3 KRITIK DER HISTORISCHEN WAHRNEHMUNG


3.1 Wie frei ist die Geschichtsschreibung?


Zum Gebrechen der Subjektivität in der Geschichtsschreibung äußerte sich der Historiker Leopold von Ranke in seinen „Tagebuchblättern“ unter „Allgemeine Bemerkungen 1831 – 1849“ recht pessimistisch: „Die Historie wird immer umgeschrieben ...“, beklagte er. „Jede Zeit und ihre hauptsächliche Richtung macht sie sich zu eigen und trägt ihre Gedanken darauf über. Danach wird Lob und Tadel ausgeteilt. Das schleppt sich dann alles so fort bis man die Sache selbst gar nicht mehr erkennt.“ Und schließlich fragt von Ranke fast verzweifelt: „Ob eine völlig wahre Geschichte möglich ist?“
Diese Worte eines der größten deutschen Historiker klingen geradezu nach einem Offenbarungseid, denn sie lassen seine Zunft in einem für eine Wissenschaft unvorstellbaren Maß als beliebig erscheinen. Heißt das doch nichts anderes, als daß jeder gerade herrschende Zeitgeist durch unterschiedliche Auswahl und Gewichtung historischer Zeugnisse seine eigene Geschichte schreibt. „Soweit entfernt ist die Historie davon, daß sie die Politik verbesserte, daß sie vielmehr gewöhnlich von ihr verderbt wird“, sagte von Ranke in seiner Antrittsrede als Ordentlicher Professor in Berlin 1836. Wo bleibt dann die Geschichte?

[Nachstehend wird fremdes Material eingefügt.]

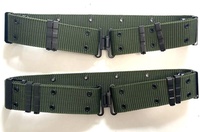 Fabricant d'usine chinois de haute qualité 5.5CM ceinture verte avec 12 rangées 24 pièces œillets boucle et crochet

Diese Art, die Geschichte je nach politischer Saison umzuschreiben, ist nicht einmal eine moderne oder gar deutsche Unart, sondern sie ist in der Wahrnehmung und Wahrnehmungsverarbeitung aller Menschen angelegt. Der Mensch kann eine Sache nicht immer gleich sehen. Und das gilt auch für den Rückblick in die Zeit. Deshalb wird dieser Zustand immer wieder eintreten, den Leopold von Ranke im 19. Jahrhundert beklagt hat, sodaß die Frage berechtigt ist, ob die Geschichtsschreibung nicht vielmehr eine Kunstform als eine Wissenschaftsdisziplin ist. Immerhin bekam ein Historiker, Theodor Mommsen, 1902 den ersten Nobelpreis für Literatur an einen Deutschen, der in der Folge zumeist an Schriftsteller verliehen wurde.